═════ EXTRACTED MATERIAL ═════

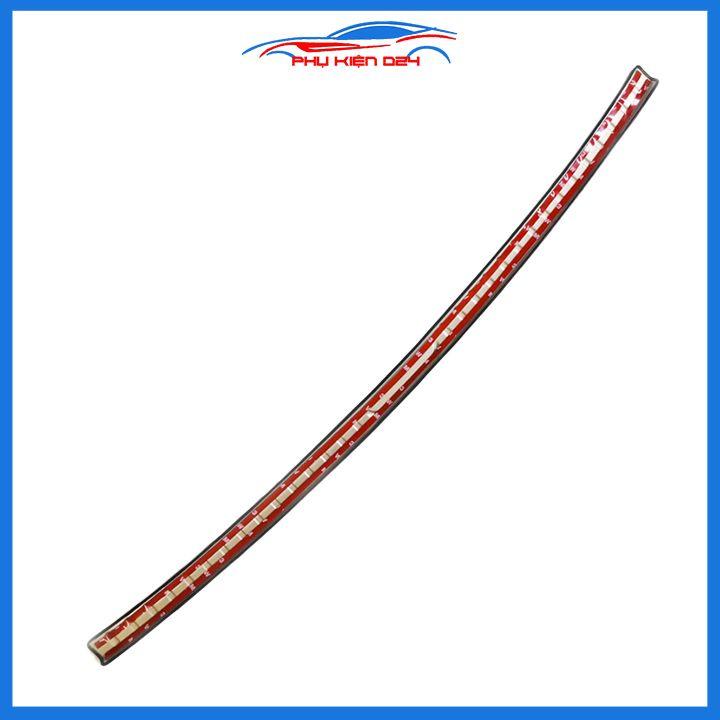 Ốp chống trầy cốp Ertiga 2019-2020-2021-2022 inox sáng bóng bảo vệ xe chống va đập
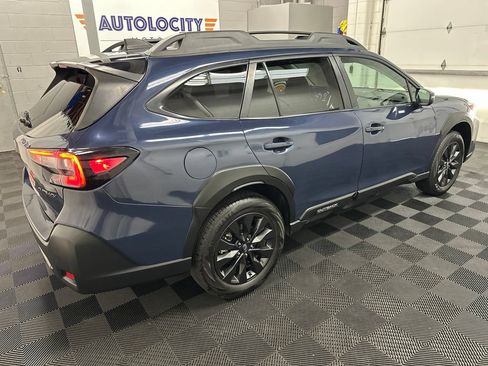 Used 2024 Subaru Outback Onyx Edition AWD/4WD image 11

═════
═════ EXTRACTED MATERIAL ═════

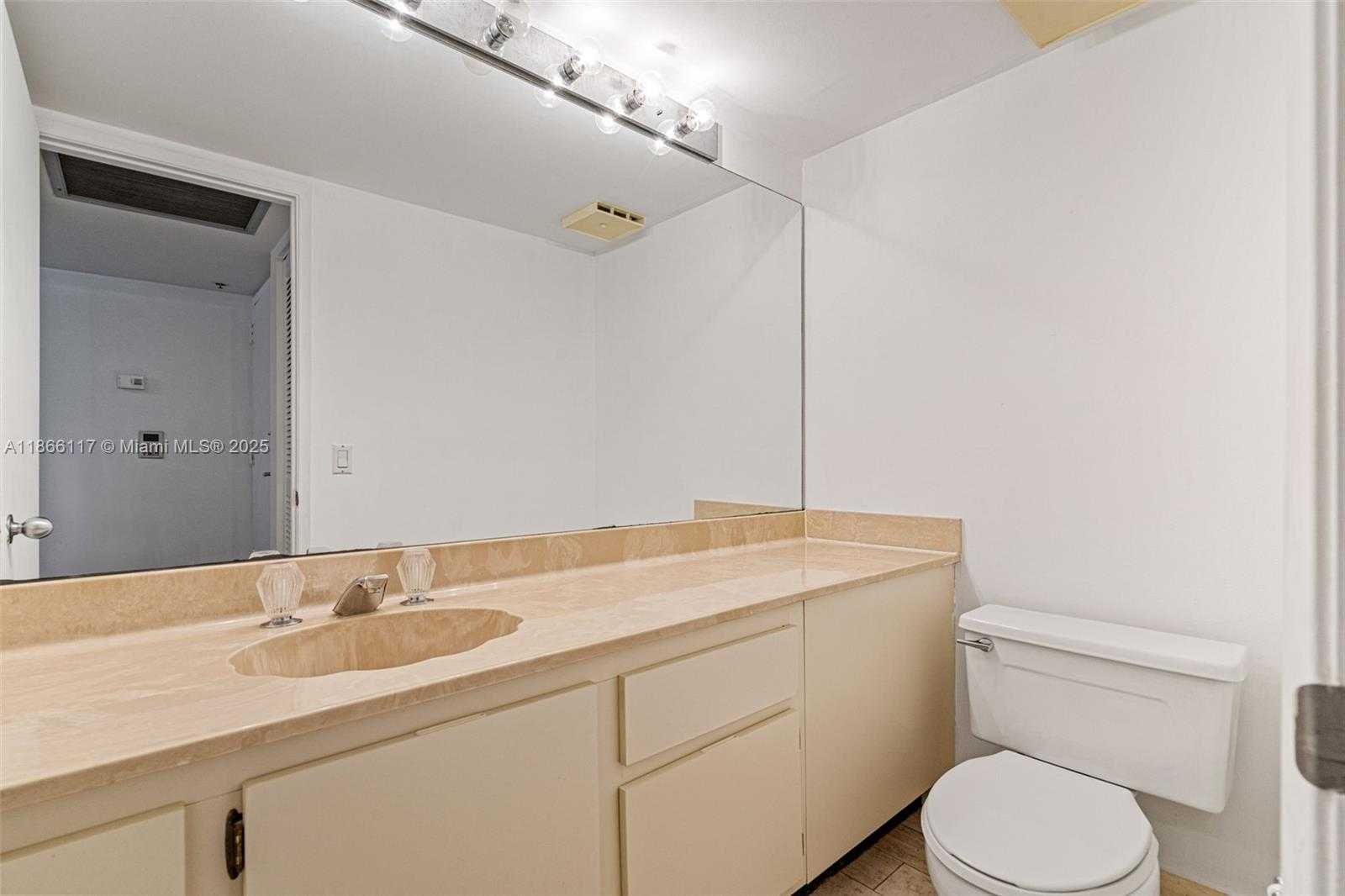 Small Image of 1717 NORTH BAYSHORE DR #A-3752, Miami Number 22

═════
═════ EXTRACTED MATERIAL ═════

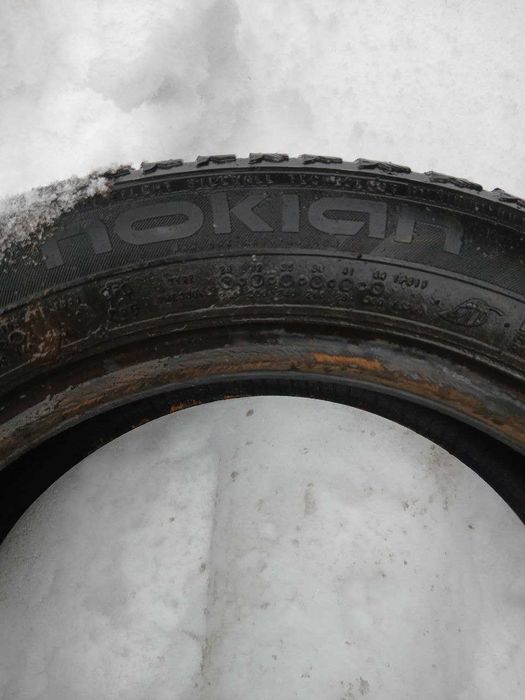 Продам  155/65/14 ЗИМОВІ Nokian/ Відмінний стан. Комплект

═════

> **HOW TO COMPLETE THIS TASK**:
Only the lines above starting with the line with "Ốp chống trầy" and going on through the line with "Used 2024 Subaru" belong in the answer; repeat them exactly, minus any picture.

> **FINISHED EXERCISE**:
 Ốp chống trầy cốp Ertiga 2019-2020-2021-2022 inox sáng bóng bảo vệ xe chống va đập
 Used 2024 Subaru Outback Onyx Edition AWD/4WD image 11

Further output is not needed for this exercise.